Stored data entries
______

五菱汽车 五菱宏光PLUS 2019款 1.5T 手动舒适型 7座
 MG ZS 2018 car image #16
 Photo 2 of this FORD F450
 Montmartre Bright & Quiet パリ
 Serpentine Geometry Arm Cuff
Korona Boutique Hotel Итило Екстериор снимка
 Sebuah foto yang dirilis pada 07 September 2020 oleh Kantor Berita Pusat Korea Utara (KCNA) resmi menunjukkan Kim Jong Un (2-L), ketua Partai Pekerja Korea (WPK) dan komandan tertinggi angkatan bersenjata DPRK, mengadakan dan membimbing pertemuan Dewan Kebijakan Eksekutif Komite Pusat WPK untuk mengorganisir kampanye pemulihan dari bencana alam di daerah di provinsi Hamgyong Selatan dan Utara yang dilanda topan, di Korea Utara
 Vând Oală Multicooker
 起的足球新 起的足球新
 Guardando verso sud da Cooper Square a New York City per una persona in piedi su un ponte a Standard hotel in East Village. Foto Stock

______

Task goal = Transcribe all of the lines in the records precisely.

Response area =
五菱汽车 五菱宏光PLUS 2019款 1.5T 手动舒适型 7座
 MG ZS 2018 car image #16
 Photo 2 of this FORD F450
 Montmartre Bright & Quiet パリ
 Serpentine Geometry Arm Cuff
Korona Boutique Hotel Итило Екстериор снимка
 Sebuah foto yang dirilis pada 07 September 2020 oleh Kantor Berita Pusat Korea Utara (KCNA) resmi menunjukkan Kim Jong Un (2-L), ketua Partai Pekerja Korea (WPK) dan komandan tertinggi angkatan bersenjata DPRK, mengadakan dan membimbing pertemuan Dewan Kebijakan Eksekutif Komite Pusat WPK untuk mengorganisir kampanye pemulihan dari bencana alam di daerah di provinsi Hamgyong Selatan dan Utara yang dilanda topan, di Korea Utara
 Vând Oală Multicooker
 起的足球新 起的足球新
 Guardando verso sud da Cooper Square a New York City per una persona in piedi su un ponte a Standard hotel in East Village. Foto Stock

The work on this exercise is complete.